Огромная фигура стояла, уперев руки в боки так, что касалась локтями стен. Как и когда она успела там возникнуть? Люба съёжилась, пролепетав, что ошиблась, просит прощения и ей пора. Фигура требовательно протянула руку и приказала дойти до кабинета – разобраться, кто ошибся и за что прощать.
***
– Говоришь, Любовь тебя зовут? Любовь к нам пожаловала, ишь ты! Как заживём сейчас! – Хозяйка кабинета ослепительно улыбнулась золотыми зубами.
Женщиной она была во всех смыслах впечатляющей. Во-первых, фигура её была поистине необъятной ширины: она не то что бы стремилась к идеальной форме шара, она успешно шар проскочила, причём давно. Восседала женщина в кресле, которое вполне могло претендовать на звание дивана. Хорошего такого дивана, пару-тройку гостей на него положить с комфортом можно. Люба у родителей ночевала на вдвое меньшем.

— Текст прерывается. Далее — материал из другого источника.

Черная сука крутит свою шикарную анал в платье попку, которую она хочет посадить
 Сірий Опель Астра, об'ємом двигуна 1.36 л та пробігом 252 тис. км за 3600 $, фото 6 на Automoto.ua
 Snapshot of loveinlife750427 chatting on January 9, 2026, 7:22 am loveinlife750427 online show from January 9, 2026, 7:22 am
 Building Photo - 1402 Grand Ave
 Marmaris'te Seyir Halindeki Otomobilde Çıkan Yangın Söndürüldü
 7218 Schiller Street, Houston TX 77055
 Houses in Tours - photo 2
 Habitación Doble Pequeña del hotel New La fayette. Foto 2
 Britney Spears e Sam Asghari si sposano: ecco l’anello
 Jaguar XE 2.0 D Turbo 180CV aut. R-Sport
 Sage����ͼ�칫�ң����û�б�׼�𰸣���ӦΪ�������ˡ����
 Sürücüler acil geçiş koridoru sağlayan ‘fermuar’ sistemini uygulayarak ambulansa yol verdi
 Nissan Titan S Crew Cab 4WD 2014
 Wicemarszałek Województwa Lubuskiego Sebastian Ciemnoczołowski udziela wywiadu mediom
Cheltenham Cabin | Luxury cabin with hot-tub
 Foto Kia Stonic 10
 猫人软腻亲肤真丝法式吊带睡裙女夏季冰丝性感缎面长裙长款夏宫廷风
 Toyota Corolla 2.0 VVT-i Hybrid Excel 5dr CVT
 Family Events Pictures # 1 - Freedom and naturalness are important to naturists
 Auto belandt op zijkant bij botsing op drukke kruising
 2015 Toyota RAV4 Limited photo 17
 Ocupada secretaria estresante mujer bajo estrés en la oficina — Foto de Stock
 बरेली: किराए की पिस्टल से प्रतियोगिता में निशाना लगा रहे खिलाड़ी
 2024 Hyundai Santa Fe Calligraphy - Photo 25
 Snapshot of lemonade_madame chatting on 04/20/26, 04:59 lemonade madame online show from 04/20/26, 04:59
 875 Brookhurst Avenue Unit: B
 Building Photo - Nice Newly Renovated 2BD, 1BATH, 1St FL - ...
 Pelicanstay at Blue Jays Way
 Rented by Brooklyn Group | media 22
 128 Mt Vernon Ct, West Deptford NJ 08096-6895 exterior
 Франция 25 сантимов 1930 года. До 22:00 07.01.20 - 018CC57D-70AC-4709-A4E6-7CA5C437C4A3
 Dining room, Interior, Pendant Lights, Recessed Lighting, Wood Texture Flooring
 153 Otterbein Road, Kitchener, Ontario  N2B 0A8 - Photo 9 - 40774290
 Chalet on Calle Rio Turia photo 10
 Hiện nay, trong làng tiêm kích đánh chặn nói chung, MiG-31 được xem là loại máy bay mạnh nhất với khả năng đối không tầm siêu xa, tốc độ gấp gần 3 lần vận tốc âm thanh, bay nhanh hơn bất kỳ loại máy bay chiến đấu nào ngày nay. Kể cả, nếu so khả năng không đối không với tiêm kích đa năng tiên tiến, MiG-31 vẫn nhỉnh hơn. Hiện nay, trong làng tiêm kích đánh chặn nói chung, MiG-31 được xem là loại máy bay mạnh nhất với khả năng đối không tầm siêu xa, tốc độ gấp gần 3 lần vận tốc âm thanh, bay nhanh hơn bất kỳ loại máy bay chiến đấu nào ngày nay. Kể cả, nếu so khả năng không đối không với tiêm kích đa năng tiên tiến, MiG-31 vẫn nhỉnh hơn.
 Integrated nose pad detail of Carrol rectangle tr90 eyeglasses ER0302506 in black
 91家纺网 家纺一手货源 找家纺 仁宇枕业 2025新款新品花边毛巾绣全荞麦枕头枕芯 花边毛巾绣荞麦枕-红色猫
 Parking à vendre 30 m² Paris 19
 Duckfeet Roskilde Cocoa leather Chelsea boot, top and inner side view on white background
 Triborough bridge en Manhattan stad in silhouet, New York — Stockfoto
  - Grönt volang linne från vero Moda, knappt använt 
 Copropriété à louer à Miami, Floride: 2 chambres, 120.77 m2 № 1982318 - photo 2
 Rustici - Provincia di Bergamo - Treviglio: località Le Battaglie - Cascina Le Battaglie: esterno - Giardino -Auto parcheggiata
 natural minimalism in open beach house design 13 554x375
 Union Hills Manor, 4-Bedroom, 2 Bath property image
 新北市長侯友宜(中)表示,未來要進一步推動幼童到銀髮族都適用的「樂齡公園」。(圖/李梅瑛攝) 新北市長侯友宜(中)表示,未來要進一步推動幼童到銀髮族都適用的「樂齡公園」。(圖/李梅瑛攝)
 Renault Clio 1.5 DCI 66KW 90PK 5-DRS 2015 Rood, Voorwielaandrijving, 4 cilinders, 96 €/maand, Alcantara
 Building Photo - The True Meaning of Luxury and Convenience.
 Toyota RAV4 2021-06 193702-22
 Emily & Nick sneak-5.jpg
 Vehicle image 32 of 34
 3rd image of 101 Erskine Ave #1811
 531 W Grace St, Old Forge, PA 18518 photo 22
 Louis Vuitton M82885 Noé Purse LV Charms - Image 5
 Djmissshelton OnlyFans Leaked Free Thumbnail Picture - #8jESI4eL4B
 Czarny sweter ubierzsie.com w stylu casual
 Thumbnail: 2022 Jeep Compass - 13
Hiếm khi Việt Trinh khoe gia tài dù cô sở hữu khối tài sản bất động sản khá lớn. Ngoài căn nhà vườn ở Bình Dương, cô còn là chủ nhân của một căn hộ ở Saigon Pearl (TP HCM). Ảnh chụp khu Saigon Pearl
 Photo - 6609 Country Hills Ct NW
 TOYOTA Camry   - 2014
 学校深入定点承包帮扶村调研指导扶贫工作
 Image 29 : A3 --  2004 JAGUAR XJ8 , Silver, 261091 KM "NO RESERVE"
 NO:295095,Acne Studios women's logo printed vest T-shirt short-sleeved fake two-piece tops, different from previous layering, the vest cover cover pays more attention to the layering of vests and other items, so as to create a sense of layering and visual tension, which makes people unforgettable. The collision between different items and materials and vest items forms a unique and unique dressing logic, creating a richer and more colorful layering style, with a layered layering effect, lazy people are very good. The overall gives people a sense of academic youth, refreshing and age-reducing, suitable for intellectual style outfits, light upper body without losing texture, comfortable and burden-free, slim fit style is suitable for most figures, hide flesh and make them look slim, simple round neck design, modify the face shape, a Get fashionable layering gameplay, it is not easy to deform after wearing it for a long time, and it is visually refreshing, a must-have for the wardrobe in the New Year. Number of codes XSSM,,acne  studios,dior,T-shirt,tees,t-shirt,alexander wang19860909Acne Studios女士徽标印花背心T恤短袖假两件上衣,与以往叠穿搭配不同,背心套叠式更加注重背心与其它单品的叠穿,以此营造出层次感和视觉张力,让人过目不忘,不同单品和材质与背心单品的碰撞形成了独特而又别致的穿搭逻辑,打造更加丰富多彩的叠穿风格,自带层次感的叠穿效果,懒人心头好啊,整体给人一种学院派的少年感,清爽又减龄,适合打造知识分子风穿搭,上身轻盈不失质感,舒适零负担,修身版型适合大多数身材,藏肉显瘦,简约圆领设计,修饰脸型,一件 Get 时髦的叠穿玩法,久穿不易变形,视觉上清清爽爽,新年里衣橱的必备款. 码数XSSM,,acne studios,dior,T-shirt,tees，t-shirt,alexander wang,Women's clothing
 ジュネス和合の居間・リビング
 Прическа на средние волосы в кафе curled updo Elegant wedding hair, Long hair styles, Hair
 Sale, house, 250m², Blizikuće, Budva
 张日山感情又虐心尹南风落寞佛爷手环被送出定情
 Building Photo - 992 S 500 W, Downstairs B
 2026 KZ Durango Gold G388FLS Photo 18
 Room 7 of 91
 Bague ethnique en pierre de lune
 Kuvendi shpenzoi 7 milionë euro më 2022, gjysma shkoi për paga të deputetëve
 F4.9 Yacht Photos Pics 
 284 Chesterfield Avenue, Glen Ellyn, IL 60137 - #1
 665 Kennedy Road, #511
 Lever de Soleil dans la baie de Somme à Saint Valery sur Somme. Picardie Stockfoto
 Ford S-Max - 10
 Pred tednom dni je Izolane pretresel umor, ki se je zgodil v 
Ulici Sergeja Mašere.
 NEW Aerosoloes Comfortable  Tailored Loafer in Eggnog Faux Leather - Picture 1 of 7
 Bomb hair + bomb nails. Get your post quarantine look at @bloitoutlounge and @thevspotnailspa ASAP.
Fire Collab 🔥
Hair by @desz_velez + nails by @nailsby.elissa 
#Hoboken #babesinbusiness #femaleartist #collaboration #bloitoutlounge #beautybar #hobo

Половину лица хозяйки составлял клюв – предмет острой зависти любого грифа. Под носом сверкали зубы, над носом тускло блестели тёмные очки. Под стеклом шевелились вместо глаз чёрные волосатые гусеницы.
Ресницы, сообразила Люба через несколько ударов сердца, густые и объёмные. Мода такая, или мастер по ресничкам чудит. Мастер ресничек немножко маньяк. Случается. Случается, сплошь и рядом. Люба незаметно тихо выдохнула. Избавиться от образа волосатых глаз не удалось, но девушка старалась смотреть куда угодно, кроме очков потенциальной нанимательницы. Вот на зубы, например. Прекрасные коронки, если подумать. Такими можно сразу зёрна в пыль молоть. И без мельницы, и без ступки. Скрипнуть зубами – и всё.
Мда-а-а. Удружила бабушка с подружкой. Боже, как же её зовут? От тусклой апатичной поволоки, которая накрывала Любу последнее время, не осталось и следа. Нагнанная хозяйкой завода жуть заполнила по макушку.
– А меня Йома звать.
– А п—по отч—ву? – выдавила из себя Люба.
– А по отцу я… – Тут Йома осеклась и недобро зыркнула своими гусеницами – ох, не смотреть. – А зови-ка ты меня лучше Эммой Евгеньевной, чтоб имя не переврать.
– Хршо, Эмма Евгеньевна, понимаете, п—прзшло н—недопонмние, дело в том, что…
Люба начала говорить всё тише и тише и, стараясь не смотреть на хозяйку, попыталась объясниться. Словно загипнотизированная, девушка выложила и про бабушкину затею (пусть сама со своей подругой разбирается!), и помощь на мельнице, и про образование, и про деревню, запнувшись на обещанной трудотерапии.